Do they even have that long?

“In a world of rapid change and increasing complexity, the winners will be those whose rate of learning is greater than the rate of change and greater than the rate of their competition.” – Tom Hood

Learning continuously is how the winners will stay ahead and outpace change. That needs to be fed with curated content that’s recent and relevant.

The drivers for learning: 14 Reasons why Learning Professionals Should drive continuous learning

So we need curated content to help us stay sharp and continuously learn. But who’s going to find and filter this content? Most people don’t have the time to do it for themselves every day.
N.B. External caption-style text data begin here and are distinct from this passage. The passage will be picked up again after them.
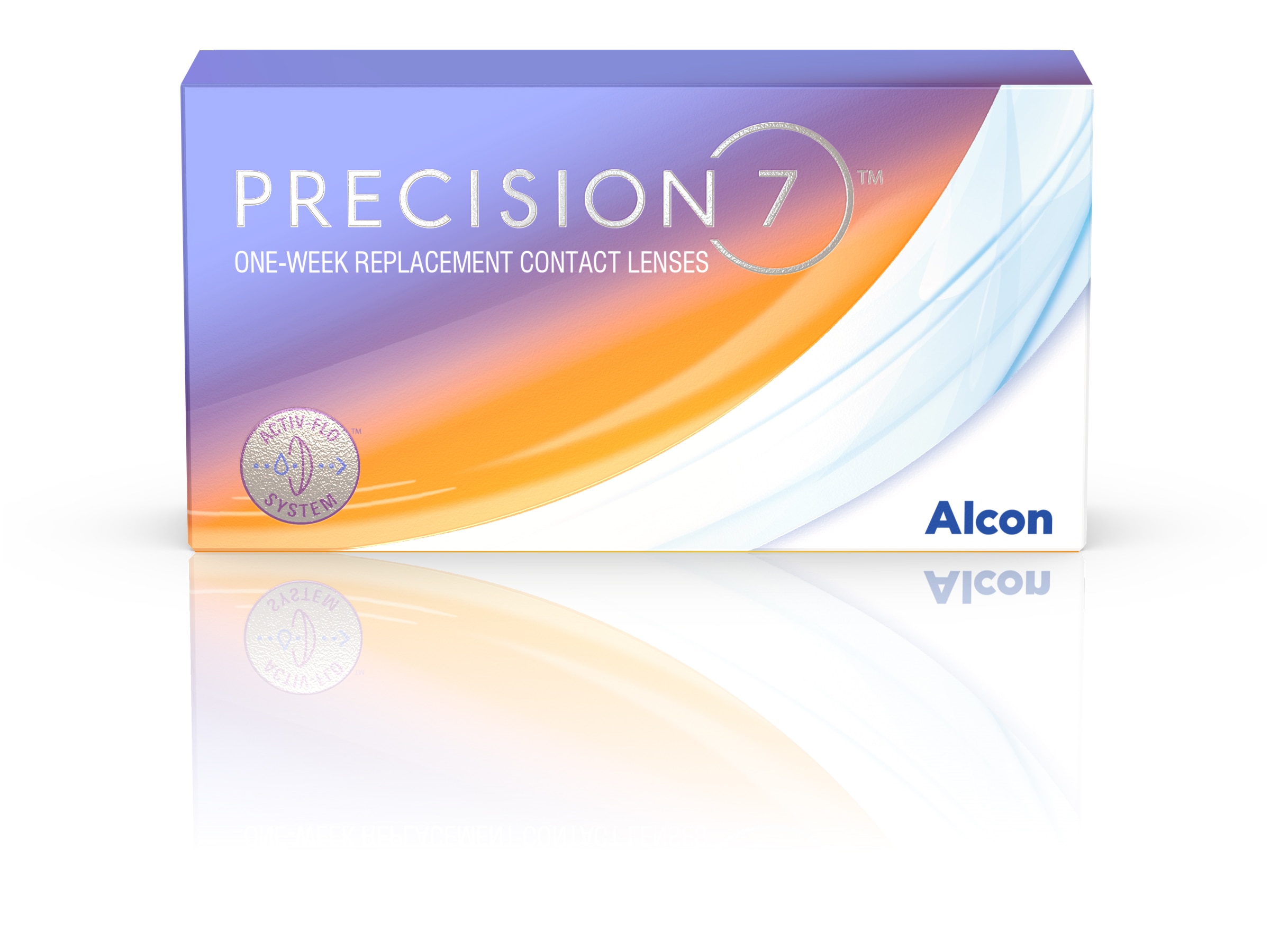 Precision7 12pk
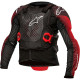 Alpinestars BIONIC TECH YOUTH protective vest Alpinestars BIONIC TECH YOUTH protective vest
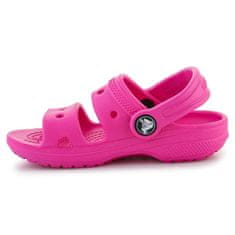 Crocs Klasické sandály 207537-6UB velikost 24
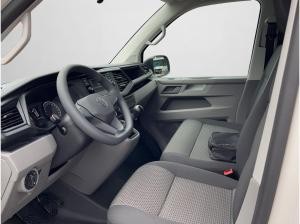 Volkswagen T6.1 Transporter Kasten (SH)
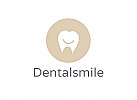 Zeichen, Zahn, Zahnarzt, Zahnarztpraxis, Smiley, Logo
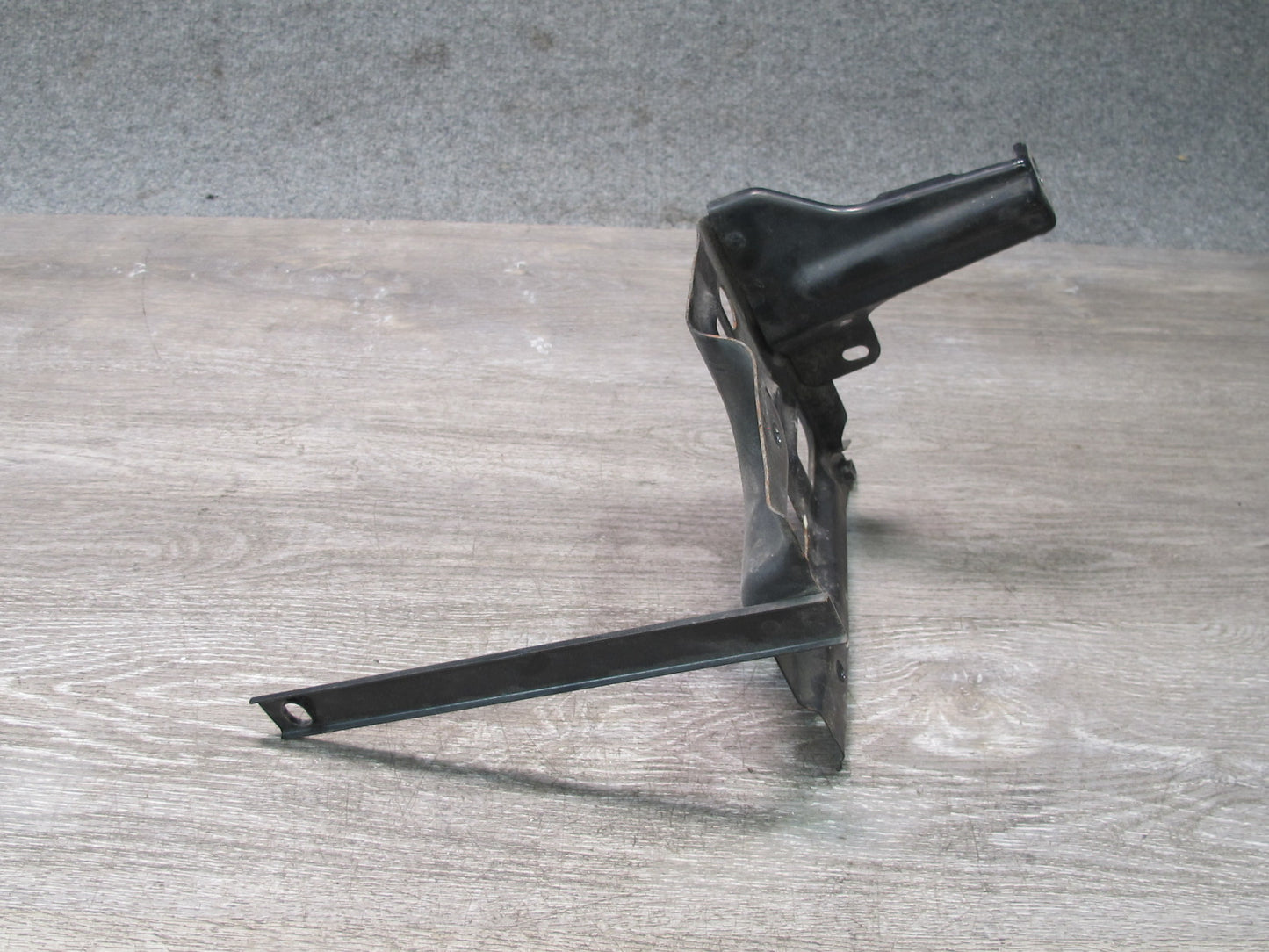 00-05 Toyota MR2 Spyder Battery Carrier Frame Base Bracket w Tray Holder OEM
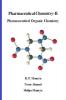Pharmaceutical Chemistry-Ii : Pharmaceutical Organic Chemistry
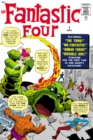 Image for Fantastic Four Omnibus Volume 1 (new Printing)
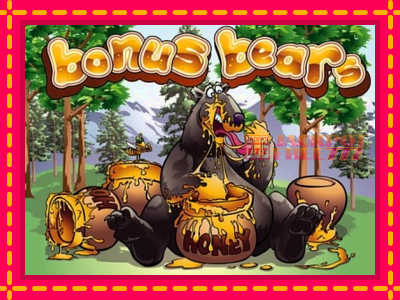 Bonus Bears слот машина преку интернет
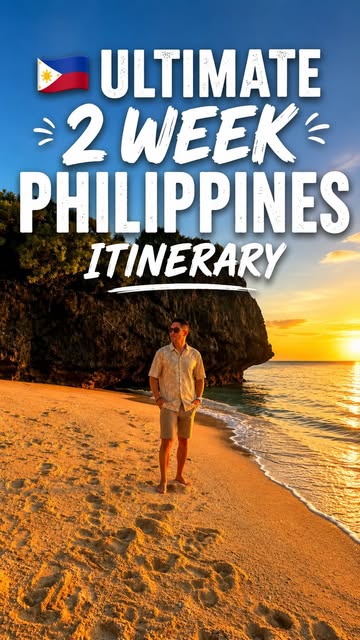 13 Places in Central Visayas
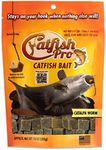 Catfish Pro Catalpa Worm Catfish Ba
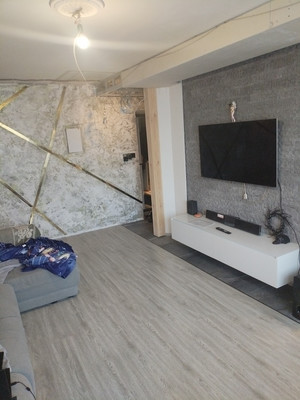 Объект по адресу Москва, Кирпичная ул, 6 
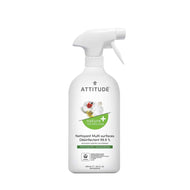 Attitude Nettoyant Multi Surfaces Desinfectant 99.9% 800 ml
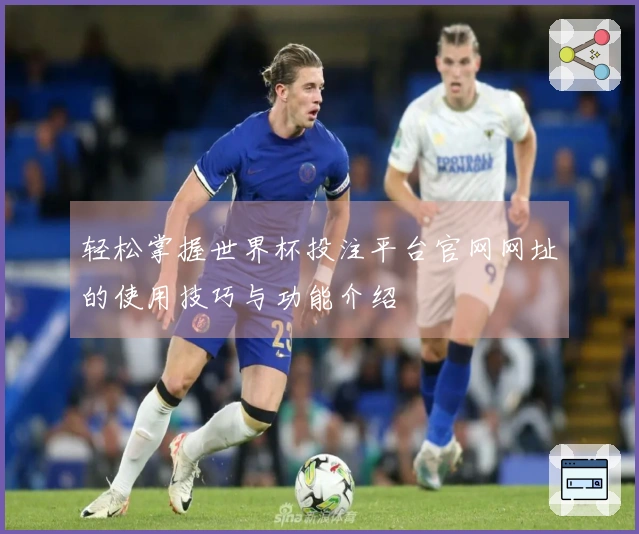轻松掌握世界杯投注平台官网网址的使用技巧与功能介绍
In our view, the modern learning professional is ideally placed drive this change in the organisation. If you need to convince stakeholders (or yourself) that this is the right shift for L&D, here are 14 reasons:

  1. You’re giving people what they really need. Formal courses only account for about 10% of how we learn. The rest of our insight comes through informal and social learning from each other. So curated content fits right in with our preferences, into what Jane Hart calls everyday learning.
  2. You’re saving people time. Towards Maturity found that two thirds of leaders say that they struggle with finding the time to learn, and 44% can’t find what they need, despite having the desire to do this.IDC estimates that the average knowledge worker spends 9.5 hours a week searching for information. If you could reduce that by just 10%, what would that mean for efficiency and productivity in your organisation?
  3. You’re reducing costs. Budgets for training are under constant pressure. Curating content on the latest trends in pricing, management skills or big data is a lot cheaper than building a custom elearning course or a blended programme.
  4. You’re helping the organisation to stay agile: By being outward looking and alive to the next trends in your sector, you considerably reduce the risk of your organisation being sideswiped by disruption or a competitor’s actions. That’s very different from the traditional mode of L&D.
  5. You’re adding value. You’re not just aggregating content from multiple sources. That’s what machines do. You’re acting as an intelligent human filter, drawing attention to what really matters – because you understand your audience, their needs and their context. It’s a very personalised service – and it scales really well if you use the right tools. As Beth Kanter put it, you’re spotting the awesome.
  6. You’re providing a more responsive service. If a sales team wants continuous, curated learning on the latest trends in Nanotechnology, or an overview of a new prospect, or a regular set of insights on pricing, effective curators with the right tools can respond rapidly. By the time you’ve built a course to answer those questions, the question will have changed.
  7. You’re helping teams stay smart. Rather than producing courses that decline in relevance over time, effective curators are continuously keeping teams briefed on what matters to them. You become a go-to resource. You’re reducing FOMO. And it doesn’t have to be a massive drain on your time.
  8. You’re building your own expertise. A great side-benefit of being a content curator is that you consume a huge amount of information in order to filter and select what’s relevant. For your own personal development, it’s a great way to stay sharp and develop your own skills. It’s also very rewarding to deliver really relevant content through curation.
  9. You’re creating a lasting resource. Curated content, if well managed, remains relevant over time. There’s long term value in hand-picking the very best articles on sales leadership, SaaS pricing, or Negotiation skills from authoritative sources. They become the new reference sites and knowledge bases.
  10. You’re helping people be self-directed. 88% of learners want to take charge of their own learning experience. Set up properly, continuous and curated content is self-service. It’s not an enforced linear experience like a course, you’re serving up relevant content for people to tap into. You can create paths and structures, or let people make their own.
  11. You’re encouraging sharing and working out loud. The number one way we learn is through knowledge sharing in small focused groups. Great curators do not present themselves as experts who have the final say on a topic. They start the conversation by saying why an article is relevant and invite people to comment. Curation is the engine behind helping teams to share insights and work out loud.
  12. You’re delivering at point of need. Learning teams need new approaches to help their customers deal with information overload and increased competitive pressure. If you could say to your internal customer that you can help their teams stay up to date on any topic, in less than 10 minutes a day, on any device, with no need for a course, would they keep listening?
  13. You’re defending your competitive advantage: curating and sharing valuable content every day is by definition helping people to learn and stay smart continuously. Curation habits are the best safeguard against becoming obsolete.
  14. You’re harnessing collective intelligence: by inviting collaboration within teams to discuss, add value and act on content, you’re harnessing the power of collective intelligence, and encouraging others to find, filter and share relevant content in their teams continuously.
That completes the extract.